Do you find yourself working the angles as much as the characters do in visual terms?
It’s something that we always had to keep track of – what bits and pieces do we need to reveal and what we need to reveal when we reveal it. We had 25 days to shoot this with no overtime, so the visual plan had to be in place. There’s always play, but what you see and where you see and how you see it has to be well thought out ahead of times because there’s no time for too much play on the day.
I’ve actually heard you shot the scene at Canadian border patrol while it was operational.

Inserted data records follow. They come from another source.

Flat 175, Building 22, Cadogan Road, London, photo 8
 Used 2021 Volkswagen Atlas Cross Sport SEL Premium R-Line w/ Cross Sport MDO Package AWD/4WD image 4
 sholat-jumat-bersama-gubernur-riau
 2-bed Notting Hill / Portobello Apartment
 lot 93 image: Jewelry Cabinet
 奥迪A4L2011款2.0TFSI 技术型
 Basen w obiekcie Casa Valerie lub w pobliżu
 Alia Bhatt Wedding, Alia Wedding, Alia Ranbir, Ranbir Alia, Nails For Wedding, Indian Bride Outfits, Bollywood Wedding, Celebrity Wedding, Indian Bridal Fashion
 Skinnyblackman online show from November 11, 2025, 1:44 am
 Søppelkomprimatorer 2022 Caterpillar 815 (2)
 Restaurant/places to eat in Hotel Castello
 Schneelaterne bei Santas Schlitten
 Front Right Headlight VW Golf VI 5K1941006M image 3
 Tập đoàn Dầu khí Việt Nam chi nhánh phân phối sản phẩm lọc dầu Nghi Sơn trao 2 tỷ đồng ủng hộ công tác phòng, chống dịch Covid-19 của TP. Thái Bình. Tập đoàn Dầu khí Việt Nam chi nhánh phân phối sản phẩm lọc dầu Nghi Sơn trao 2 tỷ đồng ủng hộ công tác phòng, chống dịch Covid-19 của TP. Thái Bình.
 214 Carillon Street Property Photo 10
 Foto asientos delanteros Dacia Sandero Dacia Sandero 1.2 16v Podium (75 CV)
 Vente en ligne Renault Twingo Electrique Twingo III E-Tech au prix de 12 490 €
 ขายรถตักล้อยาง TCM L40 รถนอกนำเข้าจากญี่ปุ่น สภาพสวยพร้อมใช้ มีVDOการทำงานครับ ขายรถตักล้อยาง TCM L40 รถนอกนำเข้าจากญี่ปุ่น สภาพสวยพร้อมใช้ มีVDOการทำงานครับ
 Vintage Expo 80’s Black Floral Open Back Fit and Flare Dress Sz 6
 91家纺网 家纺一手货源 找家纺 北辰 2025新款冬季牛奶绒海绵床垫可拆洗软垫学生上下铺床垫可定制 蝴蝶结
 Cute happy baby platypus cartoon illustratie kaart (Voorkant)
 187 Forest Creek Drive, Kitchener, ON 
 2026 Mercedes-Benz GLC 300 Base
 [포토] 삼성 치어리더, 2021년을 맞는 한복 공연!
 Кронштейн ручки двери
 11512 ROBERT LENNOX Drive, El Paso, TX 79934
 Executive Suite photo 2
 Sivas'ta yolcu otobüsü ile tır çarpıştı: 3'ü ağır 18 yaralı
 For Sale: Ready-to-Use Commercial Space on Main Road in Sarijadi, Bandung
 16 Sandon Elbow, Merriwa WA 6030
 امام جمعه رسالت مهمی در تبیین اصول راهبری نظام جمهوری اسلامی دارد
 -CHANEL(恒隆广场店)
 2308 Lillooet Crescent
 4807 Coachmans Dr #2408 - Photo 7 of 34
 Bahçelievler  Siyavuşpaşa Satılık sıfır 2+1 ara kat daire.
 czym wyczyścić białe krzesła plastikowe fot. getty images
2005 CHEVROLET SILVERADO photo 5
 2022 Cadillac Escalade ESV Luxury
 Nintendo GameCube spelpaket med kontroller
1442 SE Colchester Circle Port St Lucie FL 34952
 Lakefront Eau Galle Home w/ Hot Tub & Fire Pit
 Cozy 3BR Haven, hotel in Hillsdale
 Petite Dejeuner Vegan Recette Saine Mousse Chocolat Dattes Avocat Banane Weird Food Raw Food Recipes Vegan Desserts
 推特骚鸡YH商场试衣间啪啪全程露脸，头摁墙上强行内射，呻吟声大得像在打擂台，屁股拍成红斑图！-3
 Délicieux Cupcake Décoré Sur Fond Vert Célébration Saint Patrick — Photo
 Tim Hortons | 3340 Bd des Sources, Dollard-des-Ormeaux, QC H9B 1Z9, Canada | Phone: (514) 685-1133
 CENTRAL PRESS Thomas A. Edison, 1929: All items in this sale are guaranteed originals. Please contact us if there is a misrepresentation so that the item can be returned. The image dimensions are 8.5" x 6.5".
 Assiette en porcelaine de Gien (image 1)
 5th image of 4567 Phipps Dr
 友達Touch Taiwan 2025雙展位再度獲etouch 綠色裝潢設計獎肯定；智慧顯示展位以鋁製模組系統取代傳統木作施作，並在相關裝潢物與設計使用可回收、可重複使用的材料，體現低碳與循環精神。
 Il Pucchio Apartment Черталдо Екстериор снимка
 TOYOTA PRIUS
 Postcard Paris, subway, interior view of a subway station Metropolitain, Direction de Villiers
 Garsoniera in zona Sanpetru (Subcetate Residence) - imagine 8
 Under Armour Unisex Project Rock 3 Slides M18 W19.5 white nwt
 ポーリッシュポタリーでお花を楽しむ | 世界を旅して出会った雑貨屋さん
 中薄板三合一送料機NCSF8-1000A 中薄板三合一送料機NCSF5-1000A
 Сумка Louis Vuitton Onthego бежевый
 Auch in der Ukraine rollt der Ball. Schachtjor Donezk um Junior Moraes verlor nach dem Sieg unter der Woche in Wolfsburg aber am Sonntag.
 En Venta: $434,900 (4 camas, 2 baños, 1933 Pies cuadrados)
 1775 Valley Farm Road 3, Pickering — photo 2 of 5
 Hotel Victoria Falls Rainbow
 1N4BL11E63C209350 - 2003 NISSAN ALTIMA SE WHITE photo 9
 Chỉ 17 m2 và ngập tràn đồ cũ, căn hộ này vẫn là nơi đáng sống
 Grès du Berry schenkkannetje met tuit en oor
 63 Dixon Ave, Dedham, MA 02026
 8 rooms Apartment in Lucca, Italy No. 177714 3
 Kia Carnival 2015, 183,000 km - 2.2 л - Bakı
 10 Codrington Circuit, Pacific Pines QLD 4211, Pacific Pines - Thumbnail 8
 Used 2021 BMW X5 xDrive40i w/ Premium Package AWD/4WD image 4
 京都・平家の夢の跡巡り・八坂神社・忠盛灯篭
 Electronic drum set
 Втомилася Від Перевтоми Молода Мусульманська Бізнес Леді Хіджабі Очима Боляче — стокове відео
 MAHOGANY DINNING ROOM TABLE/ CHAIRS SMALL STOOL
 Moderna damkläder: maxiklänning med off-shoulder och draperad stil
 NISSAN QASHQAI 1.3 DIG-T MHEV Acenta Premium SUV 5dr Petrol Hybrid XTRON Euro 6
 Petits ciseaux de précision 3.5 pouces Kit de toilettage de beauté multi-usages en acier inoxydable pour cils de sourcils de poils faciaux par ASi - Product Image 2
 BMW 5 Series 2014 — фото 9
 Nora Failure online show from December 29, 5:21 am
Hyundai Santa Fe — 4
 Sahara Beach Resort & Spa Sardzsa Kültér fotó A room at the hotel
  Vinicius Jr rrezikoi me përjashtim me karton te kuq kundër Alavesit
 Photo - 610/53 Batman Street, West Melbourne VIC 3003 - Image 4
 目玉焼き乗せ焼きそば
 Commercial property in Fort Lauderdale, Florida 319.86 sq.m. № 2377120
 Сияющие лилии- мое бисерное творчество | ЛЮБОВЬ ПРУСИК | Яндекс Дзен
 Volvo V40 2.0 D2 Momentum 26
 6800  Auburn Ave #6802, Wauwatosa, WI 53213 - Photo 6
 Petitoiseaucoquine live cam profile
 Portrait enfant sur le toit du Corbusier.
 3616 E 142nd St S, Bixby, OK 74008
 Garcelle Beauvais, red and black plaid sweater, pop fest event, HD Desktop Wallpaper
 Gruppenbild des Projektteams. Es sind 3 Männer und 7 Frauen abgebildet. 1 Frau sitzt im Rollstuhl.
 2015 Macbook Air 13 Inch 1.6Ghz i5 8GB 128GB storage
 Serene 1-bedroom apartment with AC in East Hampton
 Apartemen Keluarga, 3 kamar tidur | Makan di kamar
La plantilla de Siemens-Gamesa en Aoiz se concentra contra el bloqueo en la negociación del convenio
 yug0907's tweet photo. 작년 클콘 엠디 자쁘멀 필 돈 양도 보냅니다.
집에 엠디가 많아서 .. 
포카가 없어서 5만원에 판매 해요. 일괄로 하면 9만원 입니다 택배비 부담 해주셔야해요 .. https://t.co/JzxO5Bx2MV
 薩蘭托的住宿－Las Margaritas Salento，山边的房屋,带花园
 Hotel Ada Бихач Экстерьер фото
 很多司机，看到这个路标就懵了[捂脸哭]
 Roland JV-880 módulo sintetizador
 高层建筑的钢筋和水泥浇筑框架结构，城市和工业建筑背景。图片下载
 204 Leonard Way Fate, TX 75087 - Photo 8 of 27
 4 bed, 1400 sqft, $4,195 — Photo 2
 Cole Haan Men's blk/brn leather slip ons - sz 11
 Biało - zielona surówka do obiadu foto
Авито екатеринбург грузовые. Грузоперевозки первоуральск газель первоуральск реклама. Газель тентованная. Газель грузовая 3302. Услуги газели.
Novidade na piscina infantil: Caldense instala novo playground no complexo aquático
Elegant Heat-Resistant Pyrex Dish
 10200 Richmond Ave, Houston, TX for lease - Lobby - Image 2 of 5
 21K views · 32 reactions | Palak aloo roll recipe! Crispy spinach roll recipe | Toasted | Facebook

Yeah, we shot our border patrol scene with Jay Baruchel smuggling Matt and Kurt’s characters in a trunk at an actual border station with some very, very unhappy border security trying to herd our crew into the tiniest corner. We’re talking an international border crossing here. [laughs] It was a fun, tense day.
Any more so than when you shot the motorcycle chases through the subways?
We actually filmed the subway/motorcycle stuff in Romania and I was surprised with what we were allowed to attempt. There’s a good side and a bad side to being a wild west frontier like Romania is for filmmaking. It scared me. The stunt guys were game for it and they were pushing to do even riskier, crazier things and I was worried about their safety, much like a den mother. It was really weird.
And you shot in Canada in the dead of winter.
It’s true, but they all of the cast were brave and there was a lot of camaraderie and one-upmanship on set. So it was fun. There was a little bit of swagger and bravado through the whole shoot and it was just a lot of fun to make it with these guys. I think it shows in the film that it was a good time.
You actually started as a visual artist, but clearly enjoy storytelling. Is that how you gravitated towards…
…the world of art theft? I think absolutely, I was very ill-suited to the world of visual arts. But at the same time, I love to paint. What really kind of intrigued me about the world of art theft is a disconnect between the types of guys who steal, and let’s be honest, they’re mostly guys who steal valuable works of art and the high falutin’ nature of aesthetic treasures. This is kind of like high art and low men and I think there’s a lot of fun in that. That was kind of the impetus behind it. Not so much loving art, which I do, but I love the dichotomy between high art and low crooks.
“The Art of the Steal” opens in limited release on March 14th and is also currently available on VOD.